The Bible has a lot to say about divorce. In Matthew 5:31-32 (NLT), Jesus again addresses Moses’ Old Testament ideas about divorce: “You have heard the law that says, ‘A man can divorce his wife by merely giving her a written notice of divorce.’ But I say that a man who divorces his wife, unless she has been unfaithful, causes her to commit adultery. And anyone who marries a divorced woman also commits adultery.”

I turn to the footnotes of The Life Application Study Bible: “Divorce is as hurtful and destructive today as in Jesus’ day. God intends marriage to be a lifetime commitment (Genesis 2:24). When entering into marriage, people should never consider divorce an option for solving problems or a way out of a relationship that seems dead. In these verses, Jesus is also attacking those who purposely abuse the marriage contract, using divorce to satisfy their lustful desire to marry someone else. Are your actions today helping your marriage grow stronger or are you tearing it apart? Jesus said that divorce is not permissible except for unfaithfulness. This does not mean that divorce should automatically occur when a spouse commits adultery. Those who discover that their partner has been unfaithful should first make every effort to reconcile and restore their relationship. We are always to look for reasons to restore the marriage relationship rather than for excuses to leave it.”

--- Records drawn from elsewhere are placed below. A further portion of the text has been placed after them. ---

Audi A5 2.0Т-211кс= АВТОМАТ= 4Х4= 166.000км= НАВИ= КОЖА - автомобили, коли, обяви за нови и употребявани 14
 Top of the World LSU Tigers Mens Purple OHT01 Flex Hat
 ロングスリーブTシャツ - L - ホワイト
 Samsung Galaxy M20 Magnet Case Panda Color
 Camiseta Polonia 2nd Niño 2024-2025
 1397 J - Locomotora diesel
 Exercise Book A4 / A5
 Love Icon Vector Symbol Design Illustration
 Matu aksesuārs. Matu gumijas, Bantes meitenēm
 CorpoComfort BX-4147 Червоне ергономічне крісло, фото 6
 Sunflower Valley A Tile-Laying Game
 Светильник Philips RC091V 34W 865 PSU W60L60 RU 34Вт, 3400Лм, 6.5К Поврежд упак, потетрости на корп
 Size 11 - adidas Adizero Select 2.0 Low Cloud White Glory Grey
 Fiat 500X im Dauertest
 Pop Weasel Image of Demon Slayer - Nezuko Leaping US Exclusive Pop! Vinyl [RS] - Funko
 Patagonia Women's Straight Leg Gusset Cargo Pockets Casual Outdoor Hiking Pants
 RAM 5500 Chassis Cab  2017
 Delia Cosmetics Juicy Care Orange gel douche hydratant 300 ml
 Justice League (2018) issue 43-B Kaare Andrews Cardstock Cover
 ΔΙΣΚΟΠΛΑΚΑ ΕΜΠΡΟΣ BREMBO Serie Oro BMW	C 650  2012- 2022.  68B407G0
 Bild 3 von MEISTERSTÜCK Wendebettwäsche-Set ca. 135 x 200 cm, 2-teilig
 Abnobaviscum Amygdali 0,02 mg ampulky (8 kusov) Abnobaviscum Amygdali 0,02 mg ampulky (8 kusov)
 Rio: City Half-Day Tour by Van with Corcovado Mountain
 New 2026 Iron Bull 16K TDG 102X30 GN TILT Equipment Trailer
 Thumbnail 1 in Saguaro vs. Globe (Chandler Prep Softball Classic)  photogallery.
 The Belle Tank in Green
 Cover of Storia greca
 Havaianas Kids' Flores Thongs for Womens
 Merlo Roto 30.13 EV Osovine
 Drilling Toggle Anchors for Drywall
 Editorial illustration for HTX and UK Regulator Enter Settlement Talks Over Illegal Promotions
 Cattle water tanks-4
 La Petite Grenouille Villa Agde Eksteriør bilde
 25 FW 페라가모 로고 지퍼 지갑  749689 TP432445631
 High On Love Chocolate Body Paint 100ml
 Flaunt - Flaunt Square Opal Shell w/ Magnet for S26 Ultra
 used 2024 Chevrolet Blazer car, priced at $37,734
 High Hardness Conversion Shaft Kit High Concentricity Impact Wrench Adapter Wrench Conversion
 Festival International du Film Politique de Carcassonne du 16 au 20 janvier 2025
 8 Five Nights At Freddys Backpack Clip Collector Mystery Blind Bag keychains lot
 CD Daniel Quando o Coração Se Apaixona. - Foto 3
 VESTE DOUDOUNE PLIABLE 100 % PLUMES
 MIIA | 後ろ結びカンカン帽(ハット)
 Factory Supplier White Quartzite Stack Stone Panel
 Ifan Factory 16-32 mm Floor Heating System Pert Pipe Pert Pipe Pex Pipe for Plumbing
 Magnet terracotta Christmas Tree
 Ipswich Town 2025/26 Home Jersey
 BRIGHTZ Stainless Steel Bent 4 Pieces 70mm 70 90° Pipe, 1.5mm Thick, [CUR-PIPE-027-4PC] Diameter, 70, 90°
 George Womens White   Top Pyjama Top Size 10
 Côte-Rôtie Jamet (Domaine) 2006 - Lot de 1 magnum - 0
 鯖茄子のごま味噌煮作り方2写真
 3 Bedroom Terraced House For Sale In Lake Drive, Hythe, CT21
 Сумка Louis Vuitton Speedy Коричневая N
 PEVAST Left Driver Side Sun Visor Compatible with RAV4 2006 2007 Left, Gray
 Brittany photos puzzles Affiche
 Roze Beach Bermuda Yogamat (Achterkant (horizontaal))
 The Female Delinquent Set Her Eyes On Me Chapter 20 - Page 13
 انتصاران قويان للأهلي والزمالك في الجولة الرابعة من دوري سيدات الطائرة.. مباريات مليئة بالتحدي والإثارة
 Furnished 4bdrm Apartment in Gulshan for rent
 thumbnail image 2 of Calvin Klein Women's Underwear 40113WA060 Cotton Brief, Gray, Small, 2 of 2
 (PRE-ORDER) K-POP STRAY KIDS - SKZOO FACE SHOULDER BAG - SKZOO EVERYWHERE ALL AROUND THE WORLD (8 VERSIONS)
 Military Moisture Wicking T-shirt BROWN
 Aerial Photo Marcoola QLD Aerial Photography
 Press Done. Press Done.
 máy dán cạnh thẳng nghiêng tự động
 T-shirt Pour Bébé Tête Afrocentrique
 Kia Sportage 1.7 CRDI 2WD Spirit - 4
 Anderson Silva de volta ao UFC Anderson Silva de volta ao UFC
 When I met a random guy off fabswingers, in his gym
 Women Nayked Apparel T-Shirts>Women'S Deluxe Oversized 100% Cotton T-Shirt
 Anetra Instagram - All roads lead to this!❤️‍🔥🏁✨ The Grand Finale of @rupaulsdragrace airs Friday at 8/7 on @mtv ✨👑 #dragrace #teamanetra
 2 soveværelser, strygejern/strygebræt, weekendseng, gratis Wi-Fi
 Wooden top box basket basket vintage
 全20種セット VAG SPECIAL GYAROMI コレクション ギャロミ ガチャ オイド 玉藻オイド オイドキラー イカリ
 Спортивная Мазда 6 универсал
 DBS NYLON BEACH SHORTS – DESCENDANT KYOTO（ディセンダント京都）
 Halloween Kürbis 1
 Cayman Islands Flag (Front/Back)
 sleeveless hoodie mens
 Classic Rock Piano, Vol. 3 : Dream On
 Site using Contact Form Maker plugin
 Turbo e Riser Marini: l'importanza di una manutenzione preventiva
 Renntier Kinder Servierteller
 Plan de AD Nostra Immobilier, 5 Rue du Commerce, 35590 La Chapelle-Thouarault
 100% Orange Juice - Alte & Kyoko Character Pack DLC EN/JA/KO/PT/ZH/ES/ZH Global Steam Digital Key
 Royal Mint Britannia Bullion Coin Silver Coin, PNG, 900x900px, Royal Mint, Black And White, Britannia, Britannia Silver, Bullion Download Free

I have a friend, a car mechanic, who says marriage is a lot like an automobile. When you hear the first creaks and knocks in the engine, address them immediately by bringing your car in for scrutiny. If you ignore the small problems, eventually they turn into big problems that could destroy the entire car. The same can be said about marriage, he says. When there’s a problem, open up the hood and take a look—address it openly, talk to one another about it, respect the other person’s concerns, and work to resolve the differences. This takes incredible Christian maturity, of course. When one is angry and jealous, one is not always open to work on solutions. Pray about your issues together. When your spouse hears your concerns as you speak about them in the presence of God—the third cord in your marriage—he or she may listen better. Search the Bible for answers together about whatever the issue is.

Listen intently to the other person and respond with empathy, understanding, and selflessness. Seek help through a counselor or a trusted marriage mentor. Ignoring the problem will only find you on the garage hoist down the road, as my friend says.

Marriage takes work. That person you married five, ten, twenty years ago may not be the same person you are married to today for a host of reasons—health, addictions, failure, success, or unspeakable acts or words. The meaning of the words “unfaithful to the marriage” is also up for debate. If a husband is physically or emotionally abusive, is he being faithful to his marriage vows? When a wife becomes cold, distant, non-communicative, or non-intimate, is she being faithful to her spouse?

This article is just a primer, a discussion starter on a big, complex issue. But the Bible has lots to say about the topic, and The Life Application Study Bible is full of excellent supplemental commentary that makes devotional time even more meaningful and insightful.